From June to September Kolkata can get torrential rains, and its drainage system doesn’t need torrential rain to begin backing up. Residents who favor a touch of hyperbole say that in Kolkata 老友记第一季中英文字幕“if a stray cat pees, there’s a flood.” During my stay it once rained for about 48 hours. Entire neighborhoods couldn’t be reached by motorized vehicles, and the
newspapers showed pictures of rickshaws being pulled through water that was up to the pullers’ waists. 门线技术When it’s raining, the normal customer ba for rickshaw pullers expands greatly, as does the price of a journey. A writer in Kolkata told me, “When it rains, even the governor takes rickshaws.”
While I was in Kolkata, a magazine called India Today published its annual ranking of Indian states, according to such measurements as prosperity and infrastructure. Among India’s 20 largest states, Bihar finished dead last, as it has for four of the past five years.
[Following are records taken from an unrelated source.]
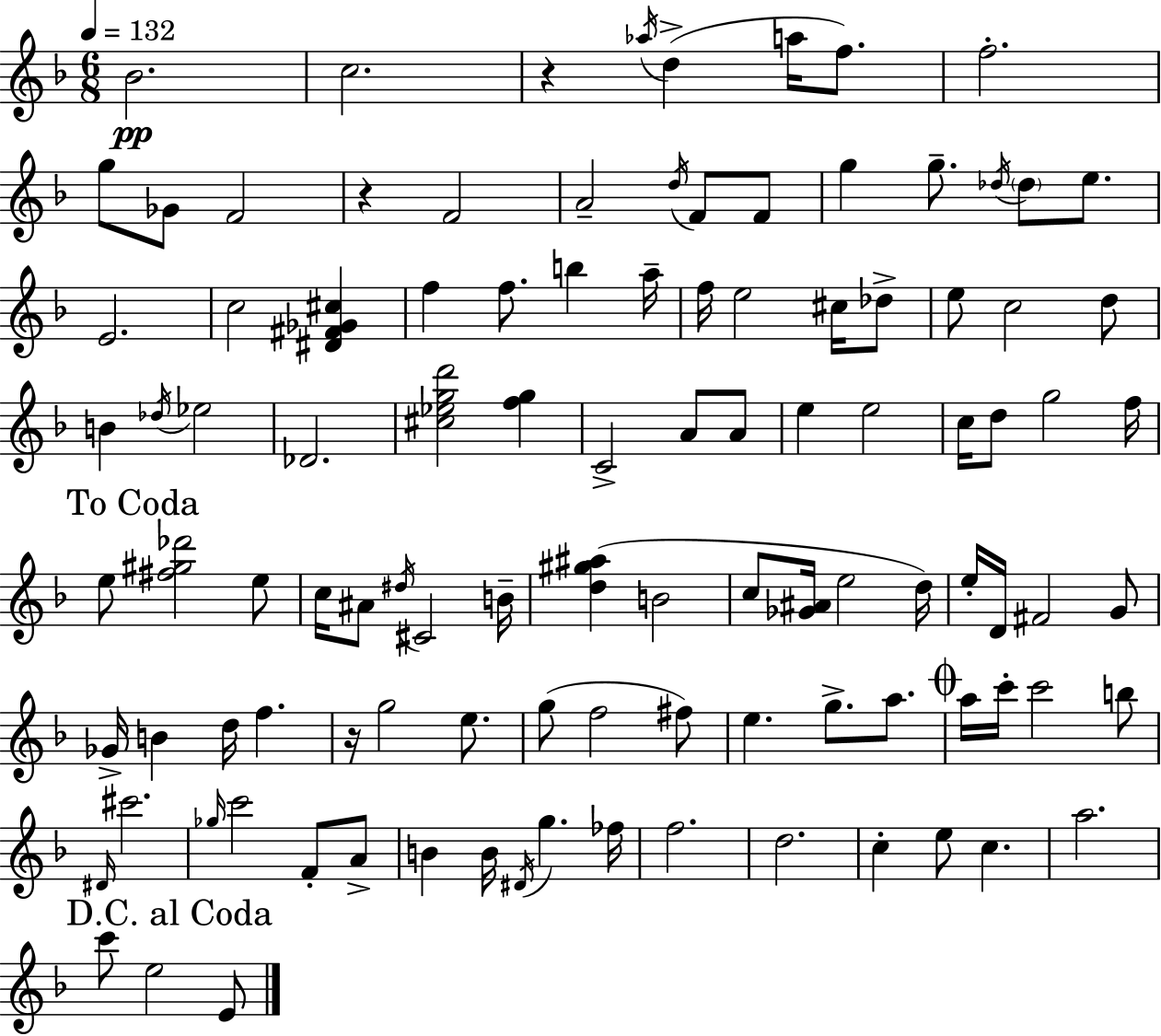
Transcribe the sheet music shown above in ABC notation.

X:1
T:Untitled
M:6/8
L:1/4
K:F
_B2 c2 z _a/4 d a/4 f/2 f2 g/2 _G/2 F2 z F2 A2 d/4 F/2 F/2 g g/2 _d/4 _d/2 e/2 E2 c2 [^D^F_G^c] f f/2 b a/4 f/4 e2 ^c/4 _d/2 e/2 c2 d/2 B _d/4 _e2 _D2 [^c_egd']2 [fg] C2 A/2 A/2 e e2 c/4 d/2 g2 f/4 e/2 [^f^g_d']2 e/2 c/4 ^A/2 ^d/4 ^C2 B/4 [d^g^a] B2 c/2 [_G^A]/4 e2 d/4 e/4 D/4 ^F2 G/2 _G/4 B d/4 f z/4 g2 e/2 g/2 f2 ^f/2 e g/2 a/2 a/4 c'/4 c'2 b/2 ^D/4 ^c'2 _g/4 c'2 F/2 A/2 B B/4 ^D/4 g _f/4 f2 d2 c e/2 c a2 c'/2 e2 E/2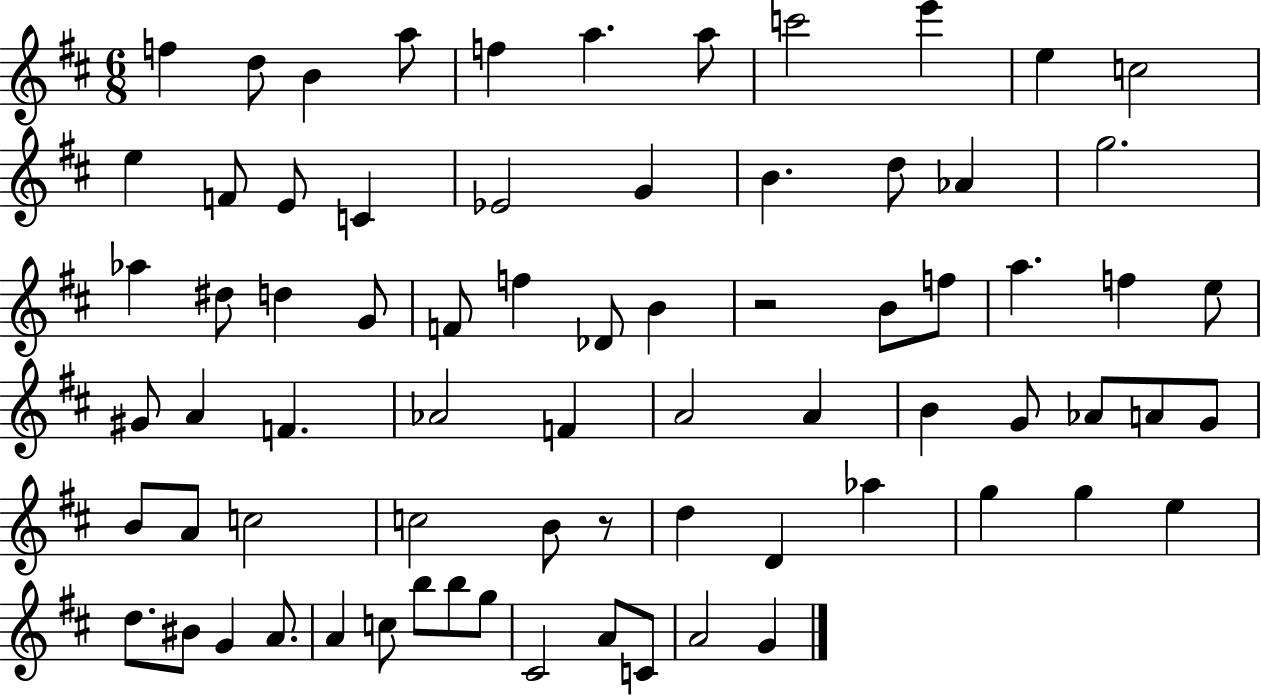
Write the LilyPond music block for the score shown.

{
  \clef treble
  \numericTimeSignature
  \time 6/8
  \key d \major
  \repeat volta 2 { f''4 d''8 b'4 a''8 | f''4 a''4. a''8 | c'''2 e'''4 | e''4 c''2 | \break e''4 f'8 e'8 c'4 | ees'2 g'4 | b'4. d''8 aes'4 | g''2. | \break aes''4 dis''8 d''4 g'8 | f'8 f''4 des'8 b'4 | r2 b'8 f''8 | a''4. f''4 e''8 | \break gis'8 a'4 f'4. | aes'2 f'4 | a'2 a'4 | b'4 g'8 aes'8 a'8 g'8 | \break b'8 a'8 c''2 | c''2 b'8 r8 | d''4 d'4 aes''4 | g''4 g''4 e''4 | \break d''8. bis'8 g'4 a'8. | a'4 c''8 b''8 b''8 g''8 | cis'2 a'8 c'8 | a'2 g'4 | \break } \bar "|."
}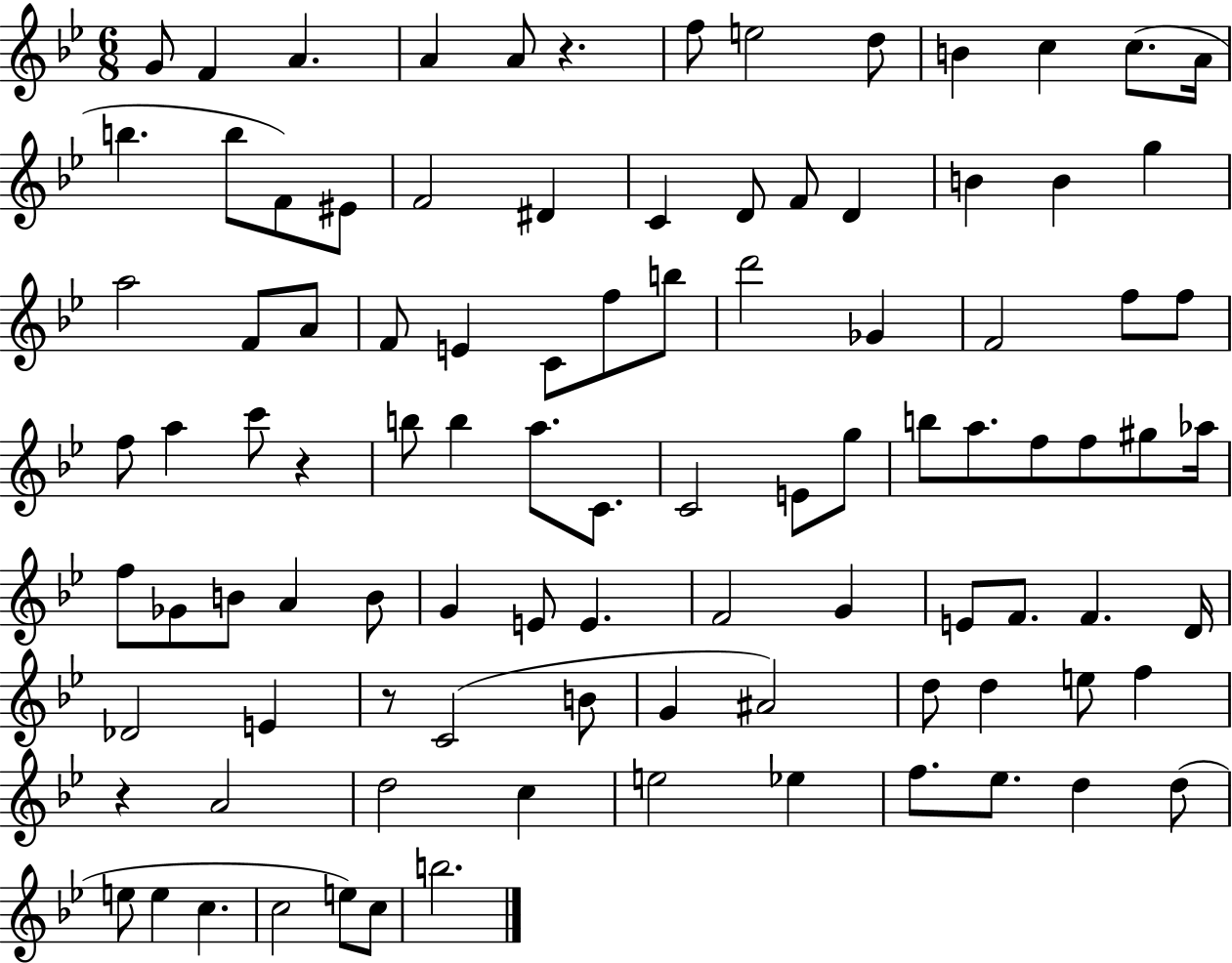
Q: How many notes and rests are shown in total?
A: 98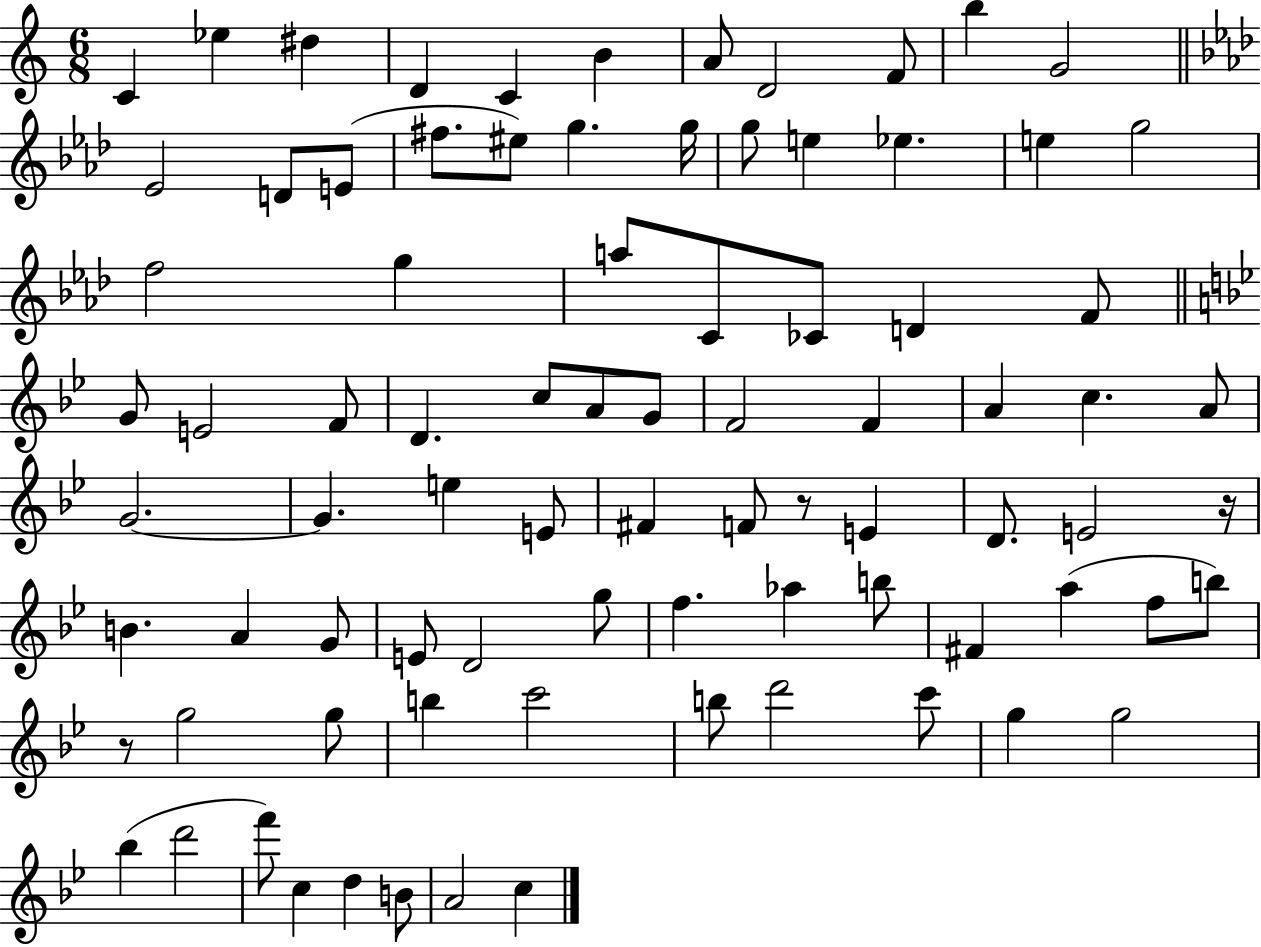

Bihar, a couple hundred miles north of Kolkata, is where the vast majority of rickshaw pullers come from. Once in Kolkata, they sleep on the street or in their rickshaws or in a dera—a combination garage and repair shop and dormitory managed by someone called a sardar. For sleeping privileges in a dera, pullers pay 100 rupees (about $2.50) a month, which sounds like a pretty good deal until you’ve visited a dera. They gross between 100 and 150 rupees a day, out  of which they have to pay 20 rupees for the u of the rickshaw  and  an  occasional 75  or more for a payoff if a policeman stops them for, say, crossing a street where rickshaws are prohibited. A 2003 study found that rickshaw puller
s are  near  the bottom of Kolkata occupations in income, doing better than only the ragpickers and the beggars. For someone without land or education, that still beats trying to make a living in Bihar.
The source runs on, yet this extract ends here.